Work task
Print the records below from the first line through the line containing "Vision Aid Magnifying", both included, word for word.

Source material
==*==

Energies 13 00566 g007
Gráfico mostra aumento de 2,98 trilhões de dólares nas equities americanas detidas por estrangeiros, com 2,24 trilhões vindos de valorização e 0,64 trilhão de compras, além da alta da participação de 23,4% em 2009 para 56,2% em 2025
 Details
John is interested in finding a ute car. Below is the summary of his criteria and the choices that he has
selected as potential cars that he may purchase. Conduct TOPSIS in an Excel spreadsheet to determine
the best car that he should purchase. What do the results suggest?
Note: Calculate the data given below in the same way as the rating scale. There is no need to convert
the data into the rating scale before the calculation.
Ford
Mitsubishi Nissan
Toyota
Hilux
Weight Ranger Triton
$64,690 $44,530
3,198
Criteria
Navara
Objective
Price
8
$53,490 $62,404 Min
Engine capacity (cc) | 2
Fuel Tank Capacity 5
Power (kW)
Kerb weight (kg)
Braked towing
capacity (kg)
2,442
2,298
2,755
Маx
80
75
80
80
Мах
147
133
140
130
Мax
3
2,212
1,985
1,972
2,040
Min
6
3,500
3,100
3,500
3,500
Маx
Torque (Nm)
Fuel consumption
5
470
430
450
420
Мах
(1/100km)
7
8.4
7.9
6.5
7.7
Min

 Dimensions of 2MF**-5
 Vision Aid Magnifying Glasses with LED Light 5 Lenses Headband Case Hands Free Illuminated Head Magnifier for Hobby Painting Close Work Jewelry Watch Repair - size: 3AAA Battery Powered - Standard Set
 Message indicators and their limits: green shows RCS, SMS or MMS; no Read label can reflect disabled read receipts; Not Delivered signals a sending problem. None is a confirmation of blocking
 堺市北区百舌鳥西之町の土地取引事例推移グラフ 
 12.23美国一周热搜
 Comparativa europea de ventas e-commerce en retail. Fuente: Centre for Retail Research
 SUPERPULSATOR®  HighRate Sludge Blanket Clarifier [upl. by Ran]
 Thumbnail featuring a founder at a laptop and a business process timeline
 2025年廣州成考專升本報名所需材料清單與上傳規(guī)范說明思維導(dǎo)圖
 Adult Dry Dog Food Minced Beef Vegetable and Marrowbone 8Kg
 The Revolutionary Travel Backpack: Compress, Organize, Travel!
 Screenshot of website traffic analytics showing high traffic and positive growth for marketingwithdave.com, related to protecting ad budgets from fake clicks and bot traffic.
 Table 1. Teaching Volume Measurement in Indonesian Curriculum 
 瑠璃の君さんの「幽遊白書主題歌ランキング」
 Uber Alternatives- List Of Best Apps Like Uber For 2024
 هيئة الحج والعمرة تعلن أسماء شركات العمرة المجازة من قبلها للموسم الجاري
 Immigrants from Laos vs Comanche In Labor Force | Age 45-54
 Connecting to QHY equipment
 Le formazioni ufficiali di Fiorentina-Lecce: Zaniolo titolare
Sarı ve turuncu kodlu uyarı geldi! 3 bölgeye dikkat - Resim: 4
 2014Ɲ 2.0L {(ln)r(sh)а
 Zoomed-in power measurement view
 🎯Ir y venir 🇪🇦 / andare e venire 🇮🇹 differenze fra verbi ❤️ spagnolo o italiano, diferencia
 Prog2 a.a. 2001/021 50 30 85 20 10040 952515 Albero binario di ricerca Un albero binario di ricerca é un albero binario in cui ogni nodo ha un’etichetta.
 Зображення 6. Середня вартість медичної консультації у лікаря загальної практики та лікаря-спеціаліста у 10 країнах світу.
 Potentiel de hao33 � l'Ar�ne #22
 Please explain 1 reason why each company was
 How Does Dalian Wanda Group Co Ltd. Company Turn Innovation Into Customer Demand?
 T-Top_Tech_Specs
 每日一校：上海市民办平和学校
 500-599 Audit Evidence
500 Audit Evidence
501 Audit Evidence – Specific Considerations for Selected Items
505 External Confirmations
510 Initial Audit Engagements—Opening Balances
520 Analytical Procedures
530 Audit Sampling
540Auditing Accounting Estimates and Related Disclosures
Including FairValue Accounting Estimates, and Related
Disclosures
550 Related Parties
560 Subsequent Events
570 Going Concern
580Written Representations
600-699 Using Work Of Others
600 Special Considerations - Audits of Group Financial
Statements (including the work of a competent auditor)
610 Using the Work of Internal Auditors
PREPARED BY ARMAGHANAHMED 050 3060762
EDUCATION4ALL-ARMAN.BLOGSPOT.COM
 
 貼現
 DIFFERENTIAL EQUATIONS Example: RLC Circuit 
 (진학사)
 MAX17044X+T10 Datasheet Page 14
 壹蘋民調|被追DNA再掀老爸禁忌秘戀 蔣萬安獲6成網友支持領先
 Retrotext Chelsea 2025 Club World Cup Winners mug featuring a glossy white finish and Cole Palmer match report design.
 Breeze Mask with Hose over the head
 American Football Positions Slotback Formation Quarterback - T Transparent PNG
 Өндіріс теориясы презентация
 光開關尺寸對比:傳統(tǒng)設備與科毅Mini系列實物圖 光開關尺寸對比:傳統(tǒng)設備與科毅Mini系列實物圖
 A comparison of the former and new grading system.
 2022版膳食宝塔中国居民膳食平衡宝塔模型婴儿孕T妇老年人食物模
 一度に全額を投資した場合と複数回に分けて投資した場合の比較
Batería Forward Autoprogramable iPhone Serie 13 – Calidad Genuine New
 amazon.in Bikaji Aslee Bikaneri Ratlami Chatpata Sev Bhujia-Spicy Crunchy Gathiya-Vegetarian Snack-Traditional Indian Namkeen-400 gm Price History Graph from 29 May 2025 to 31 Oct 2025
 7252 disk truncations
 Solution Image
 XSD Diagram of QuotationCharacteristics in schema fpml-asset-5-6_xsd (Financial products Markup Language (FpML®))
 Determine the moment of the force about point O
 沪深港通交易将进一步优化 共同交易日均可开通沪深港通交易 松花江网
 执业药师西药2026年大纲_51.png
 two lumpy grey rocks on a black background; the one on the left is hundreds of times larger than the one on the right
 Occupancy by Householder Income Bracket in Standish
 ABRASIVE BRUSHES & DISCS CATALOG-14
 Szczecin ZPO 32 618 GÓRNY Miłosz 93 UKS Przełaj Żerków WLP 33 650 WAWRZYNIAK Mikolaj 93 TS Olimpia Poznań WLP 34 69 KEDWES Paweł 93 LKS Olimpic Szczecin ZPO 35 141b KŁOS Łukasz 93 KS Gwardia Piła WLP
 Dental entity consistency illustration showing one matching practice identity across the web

==*==

Finished exercise
Energies 13 00566 g007
Gráfico mostra aumento de 2,98 trilhões de dólares nas equities americanas detidas por estrangeiros, com 2,24 trilhões vindos de valorização e 0,64 trilhão de compras, além da alta da participação de 23,4% em 2009 para 56,2% em 2025
 Details
John is interested in finding a ute car. Below is the summary of his criteria and the choices that he has
selected as potential cars that he may purchase. Conduct TOPSIS in an Excel spreadsheet to determine
the best car that he should purchase. What do the results suggest?
Note: Calculate the data given below in the same way as the rating scale. There is no need to convert
the data into the rating scale before the calculation.
Ford
Mitsubishi Nissan
Toyota
Hilux
Weight Ranger Triton
$64,690 $44,530
3,198
Criteria
Navara
Objective
Price
8
$53,490 $62,404 Min
Engine capacity (cc) | 2
Fuel Tank Capacity 5
Power (kW)
Kerb weight (kg)
Braked towing
capacity (kg)
2,442
2,298
2,755
Маx
80
75
80
80
Мах
147
133
140
130
Мax
3
2,212
1,985
1,972
2,040
Min
6
3,500
3,100
3,500
3,500
Маx
Torque (Nm)
Fuel consumption
5
470
430
450
420
Мах
(1/100km)
7
8.4
7.9
6.5
7.7
Min

 Dimensions of 2MF**-5
 Vision Aid Magnifying Glasses with LED Light 5 Lenses Headband Case Hands Free Illuminated Head Magnifier for Hobby Painting Close Work Jewelry Watch Repair - size: 3AAA Battery Powered - Standard Set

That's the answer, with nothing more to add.